Scraped caption text data
....

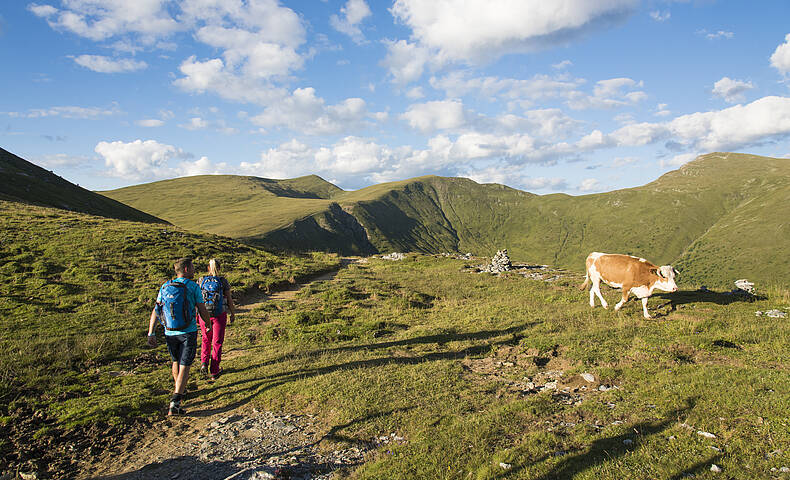 Kletterer erklimmen eine steile Felswand mit dem weiten Tal im Hintergrund © Franz Gerdl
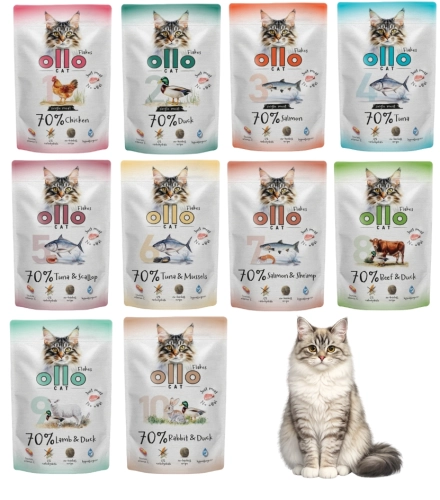 Ollo Cat MIX 10 smaków karma mokra dla kota bez zbóż FOS saszetka 10x 85g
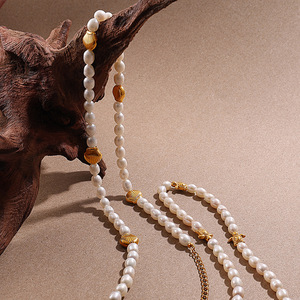 Conjunto de Collar de Perlas de Agua Dulce, Cuentas Ovaladas Blancas, Diseño de Vida Marina Chapado en Oro, para Uso Diario de Mujeres - Product Image 2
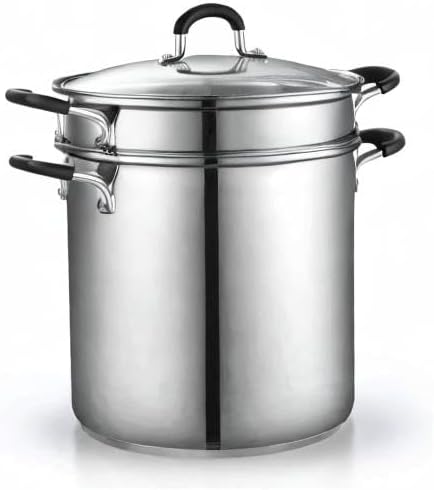 Cook N Home 4-Piece Stainless Steel Pasta Cooker Steamer Multipots, 12 Quart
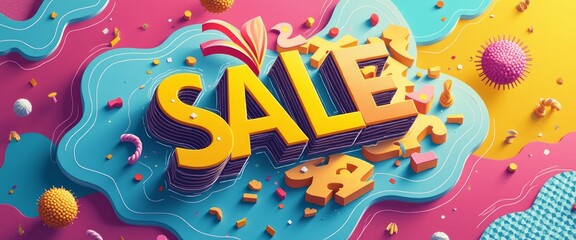 Obraz premium A vibrant and eye-catching graphic showcases the word SALE in bold, 3D letters, surrounded by playful shapes and patterns. This lively design bursts with energy, making it perfect for attracting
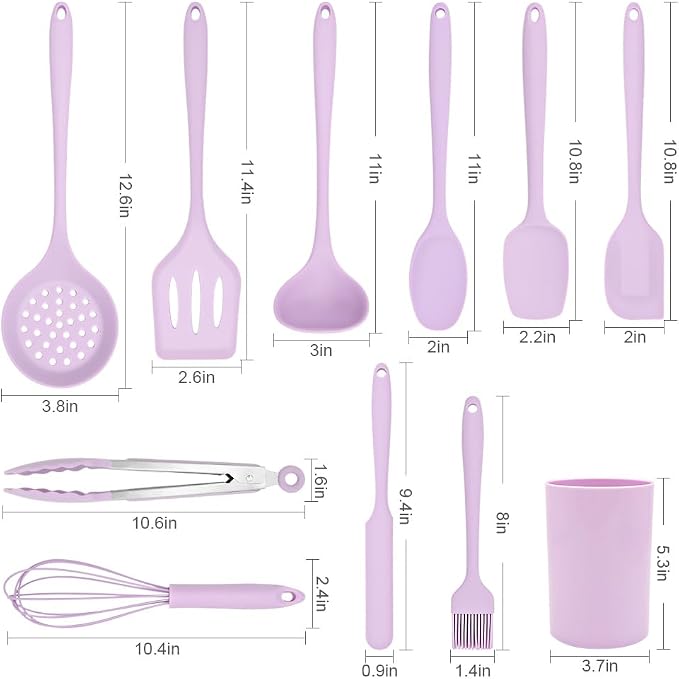 RANX INGST Kitchen Cooking Nonstick Silicone Utensils Set 11 pcs - Purple | Spatula Set with Holder, 446°F Heat Resistant, Ergonomic Handle, BPA Free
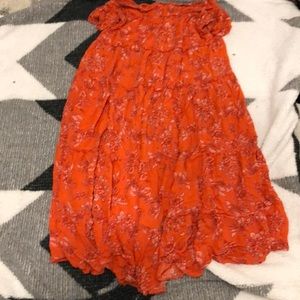 Free People Off the Shoulder Floral Midi Dress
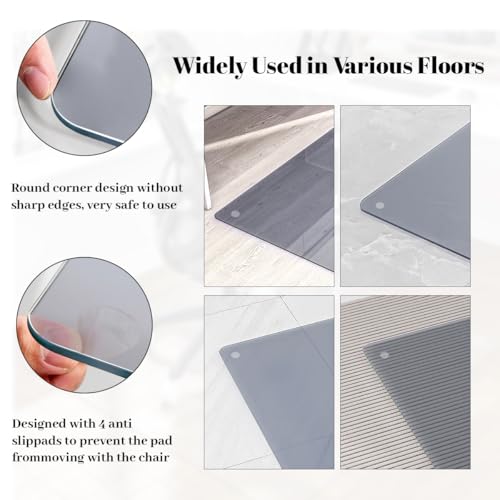 Image of [Tempered Glass] 36 inch x 46 inch Glass Office Chair Mat for Carpet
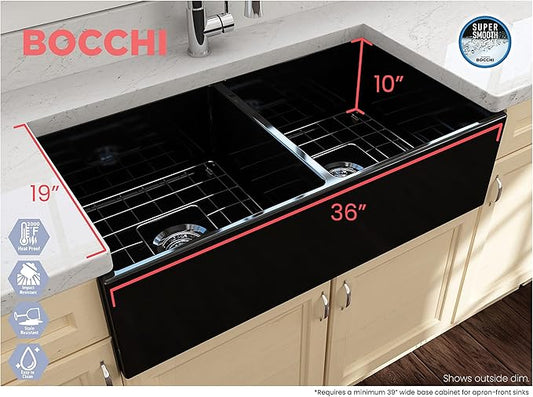 BOCCHI Contempo Farmhouse Apron Front Fireclay 36 in. Double Bowl Kitchen Sink with Protective Bottom Grid and Strainer in Black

....

→ What you should do: Write out the lines of the entries above exactly, beginning with the first and ending with the line that contains "Free People Off". No picture goes in.

→ Task solution:
 Kletterer erklimmen eine steile Felswand mit dem weiten Tal im Hintergrund © Franz Gerdl
 Ollo Cat MIX 10 smaków karma mokra dla kota bez zbóż FOS saszetka 10x 85g
 Conjunto de Collar de Perlas de Agua Dulce, Cuentas Ovaladas Blancas, Diseño de Vida Marina Chapado en Oro, para Uso Diario de Mujeres - Product Image 2
 Cook N Home 4-Piece Stainless Steel Pasta Cooker Steamer Multipots, 12 Quart
 Obraz premium A vibrant and eye-catching graphic showcases the word SALE in bold, 3D letters, surrounded by playful shapes and patterns. This lively design bursts with energy, making it perfect for attracting
 RANX INGST Kitchen Cooking Nonstick Silicone Utensils Set 11 pcs - Purple | Spatula Set with Holder, 446°F Heat Resistant, Ergonomic Handle, BPA Free
 Free People Off the Shoulder Floral Midi Dress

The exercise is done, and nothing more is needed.